The wineskins parable has been used in a variety of different ways by people today, and I'm sure some people have used it in a manner entirely different than what Jesus intended. I won't overanalyze here, but in some ways, Jesus is saying: Look, times they are a-changing. I'm here, I'm fulfilling those prophecies of old, I AM the kingdom of God. I'm obviously different than what was expected, and our time here is short.

2 Comments:

At 10:19 AM, May 30, 2007, Blogger Desmond Jones said...

vv 31-32 are one of my favorite scripture passages. It goes so straight to the point - the church is not a 'Bless-Me Club' where the Righteous can hang out together, away from the sinners. No, the only way you get to be a Christian is by being a sinner first; and really, at bottom, you never stop being a sinner. By God's grace, you might get holier as you go along (it is devoutly to be hoped that you will), but, this side of heaven, the Church is pretty much just the local franchise of 'Sinners R Us'.

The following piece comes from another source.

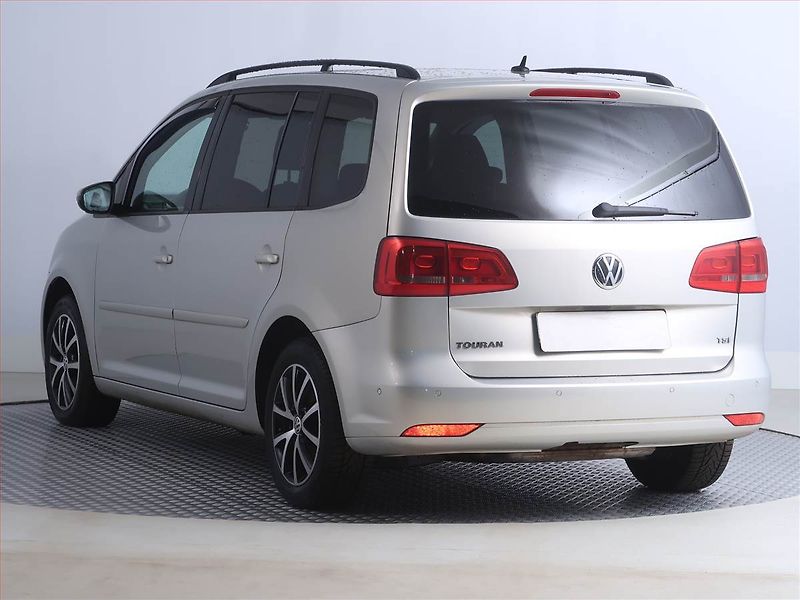 Volkswagen Touran (2012) Comfortline 1.4 TSI, 7 míst - fotka 4 z 22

Now, I confess that the whole bit about the wineskins has always gone a bit past me. I understand about the patches - I've had it happen to me, where the 'new' patch fabric tears away from the 'old' substrate. But, for the life of me, I've never understood why new wine would be any harder on an old wineskin than old wine would be. . .

I mean, I get the metaphor. . . I think. If we're gonna be filled with the Holy Spirit, we've gotta be 'made new' ourselves on some fundamental level, or things just break down. . .

 
At 10:52 AM, June 07, 2007, Blogger FTN said...

The only way you get to be a Christian is by being a sinner first; and really, at bottom, you never stop being a sinner. By God's grace, you might get holier as you go along (it is devoutly to be hoped that you will)...

That's a good point. Our churches need to find that line where we are readily acceptant of even the worst "sinners," yet at the same time, some churches have become so accommodating that they've forgotten that Jesus doesn't want us to "leave the way you came."